#### Requirement:
Please transcribe the data that follows without the pictures, keeping every word the same.

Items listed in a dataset
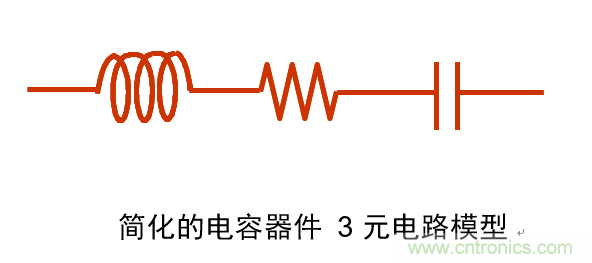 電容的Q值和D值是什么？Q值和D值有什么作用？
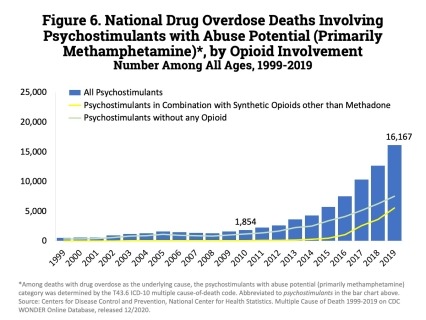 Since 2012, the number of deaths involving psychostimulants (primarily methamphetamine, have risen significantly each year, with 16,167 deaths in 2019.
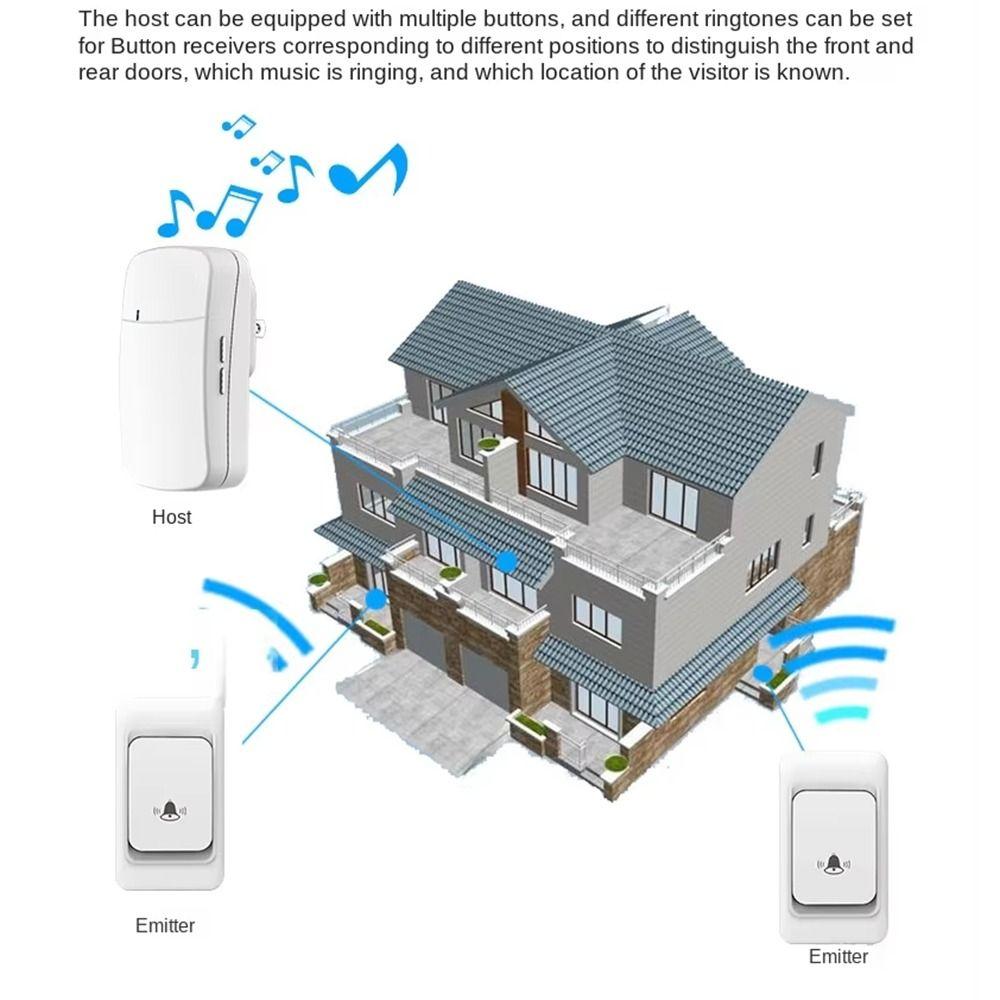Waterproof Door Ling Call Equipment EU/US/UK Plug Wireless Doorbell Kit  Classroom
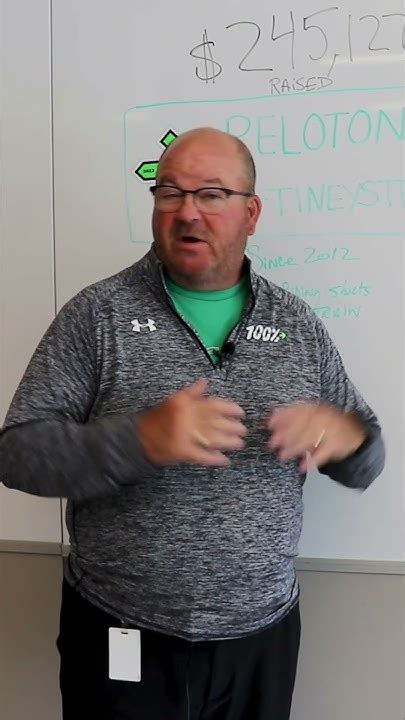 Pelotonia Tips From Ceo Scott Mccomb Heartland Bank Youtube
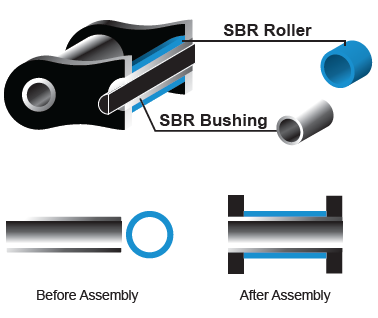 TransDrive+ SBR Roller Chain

#### Response to this task:
 電容的Q值和D值是什么？Q值和D值有什么作用？
 Since 2012, the number of deaths involving psychostimulants (primarily methamphetamine, have risen significantly each year, with 16,167 deaths in 2019.
Waterproof Door Ling Call Equipment EU/US/UK Plug Wireless Doorbell Kit  Classroom
 Pelotonia Tips From Ceo Scott Mccomb Heartland Bank Youtube
 TransDrive+ SBR Roller Chain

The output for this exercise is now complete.